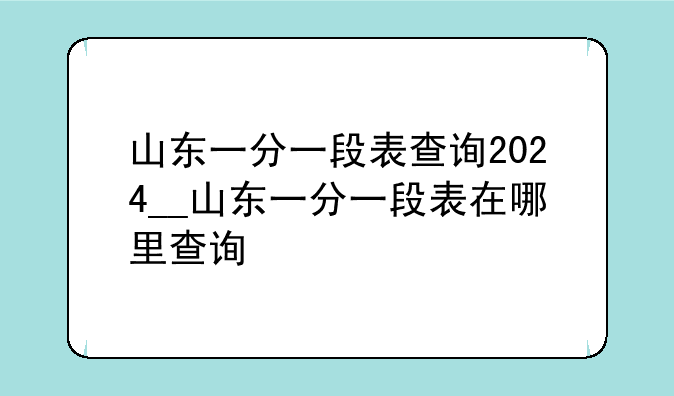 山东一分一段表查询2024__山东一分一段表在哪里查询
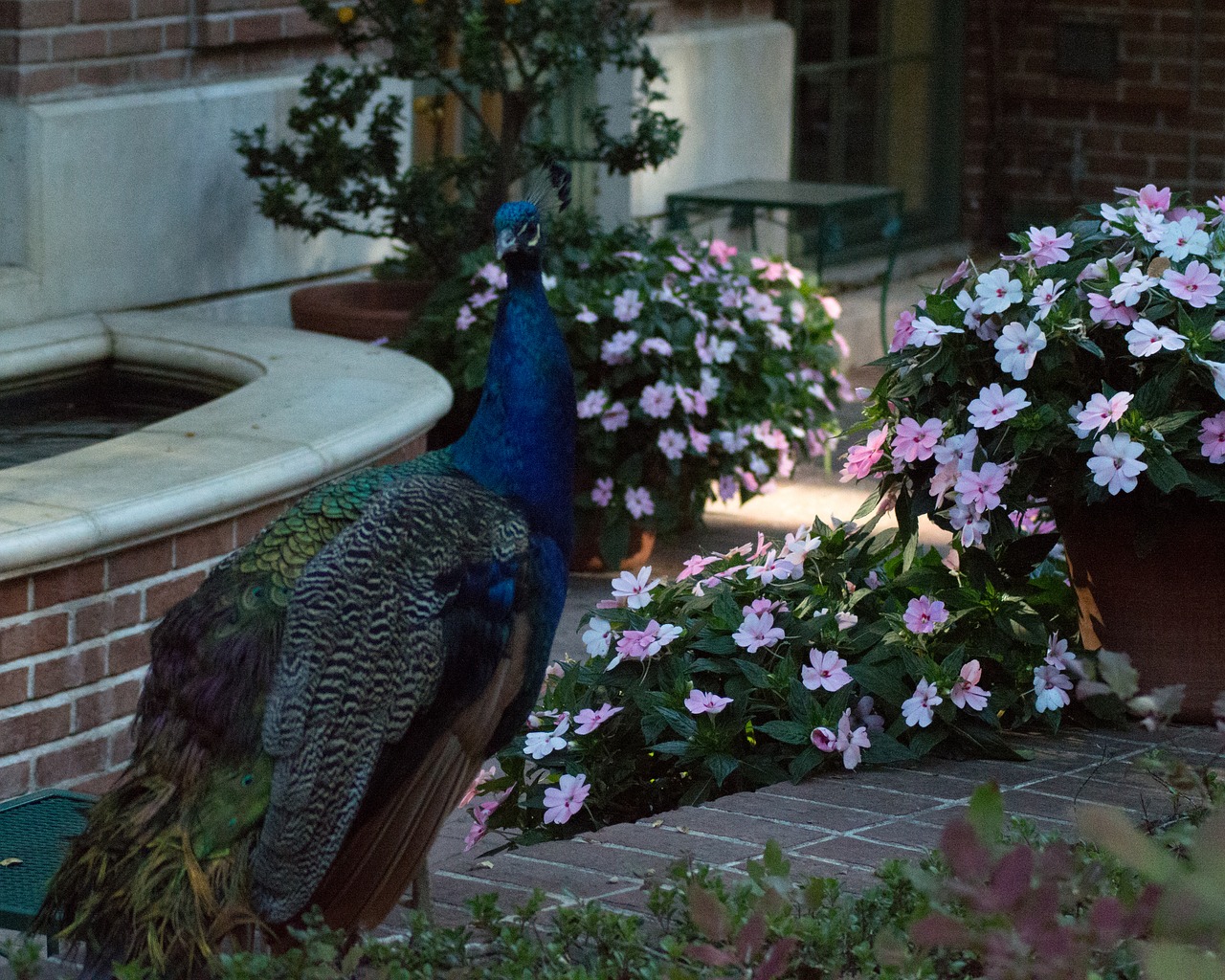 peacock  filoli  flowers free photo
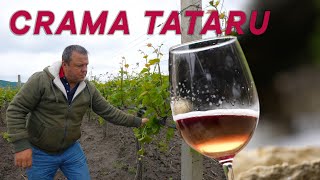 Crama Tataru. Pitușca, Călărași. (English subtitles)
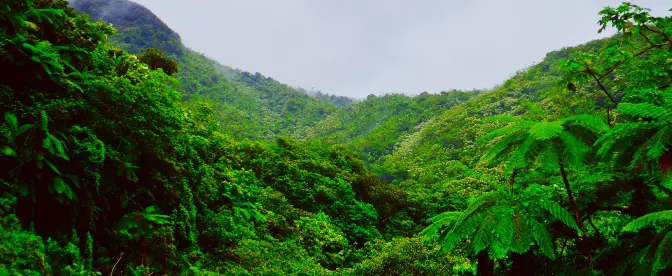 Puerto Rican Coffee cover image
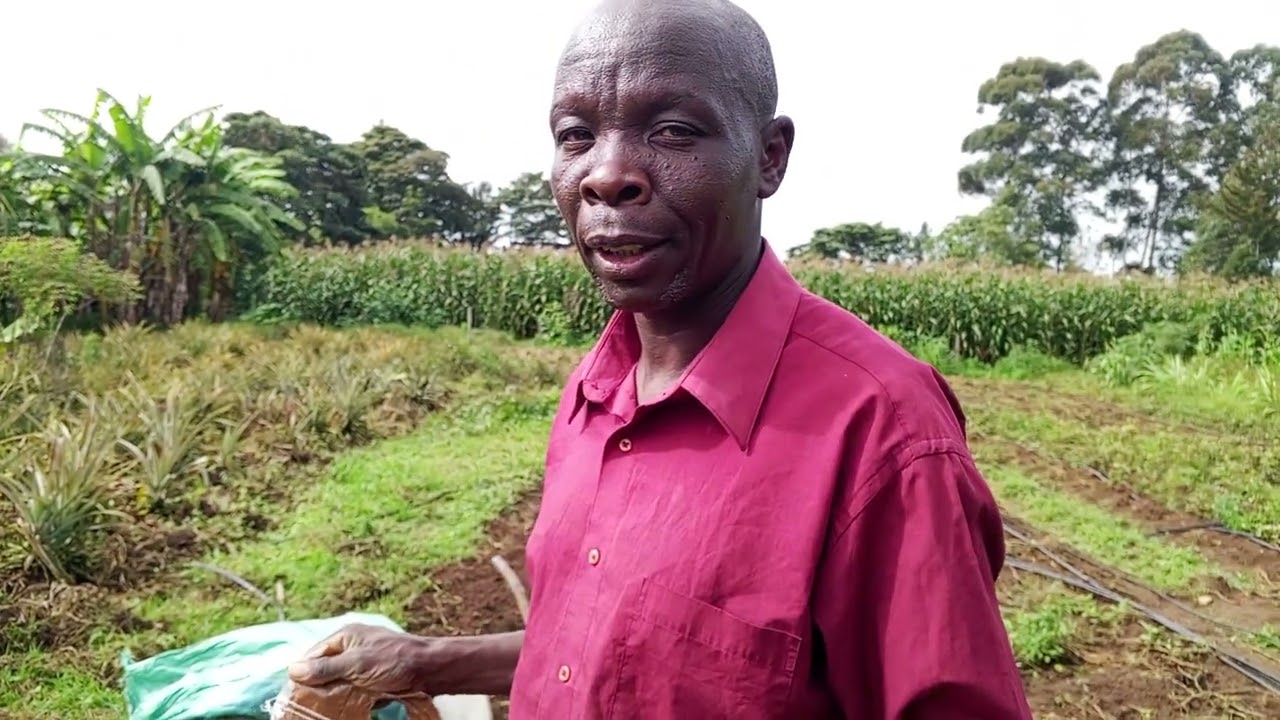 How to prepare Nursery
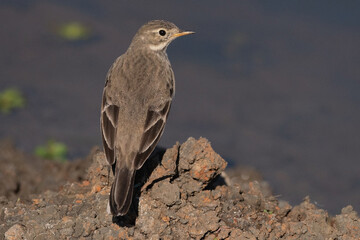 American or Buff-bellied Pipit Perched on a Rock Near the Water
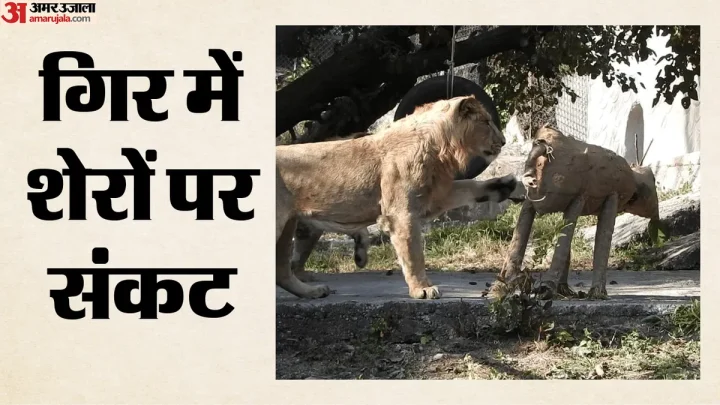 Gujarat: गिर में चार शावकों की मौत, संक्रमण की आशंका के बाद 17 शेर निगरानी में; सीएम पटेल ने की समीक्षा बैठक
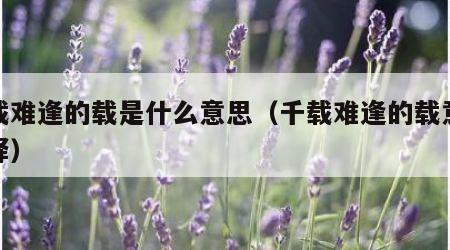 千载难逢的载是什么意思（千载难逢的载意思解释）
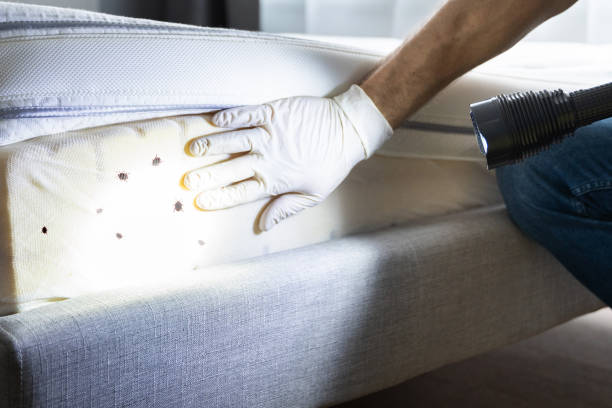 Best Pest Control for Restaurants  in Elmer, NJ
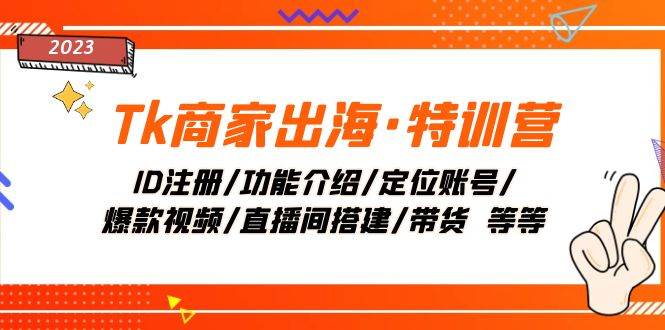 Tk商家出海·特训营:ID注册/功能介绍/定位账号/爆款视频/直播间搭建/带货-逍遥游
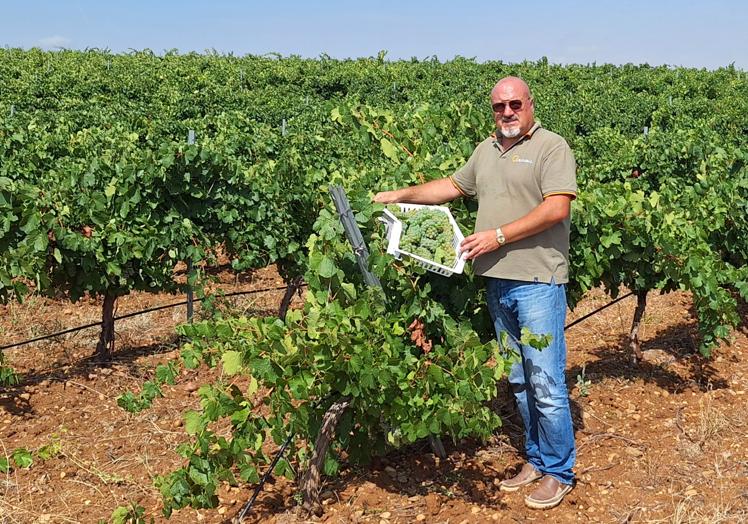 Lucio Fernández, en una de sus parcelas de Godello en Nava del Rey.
┄┄┄┄┄┄┄┄┄┄┄┄┄┄┄┄┄┄┄┄
WHAT YOU ARE ASKED TO DO: Return the records above exactly, without the pictures.

RESPONSE BOX:
 山东一分一段表查询2024__山东一分一段表在哪里查询
 peacock  filoli  flowers free photo
 Crama Tataru. Pitușca, Călărași. (English subtitles)
 Puerto Rican Coffee cover image
 How to prepare Nursery
 American or Buff-bellied Pipit Perched on a Rock Near the Water
 Gujarat: गिर में चार शावकों की मौत, संक्रमण की आशंका के बाद 17 शेर निगरानी में; सीएम पटेल ने की समीक्षा बैठक
 千载难逢的载是什么意思（千载难逢的载意思解释）
 Best Pest Control for Restaurants  in Elmer, NJ
 Tk商家出海·特训营:ID注册/功能介绍/定位账号/爆款视频/直播间搭建/带货-逍遥游
 Lucio Fernández, en una de sus parcelas de Godello en Nava del Rey.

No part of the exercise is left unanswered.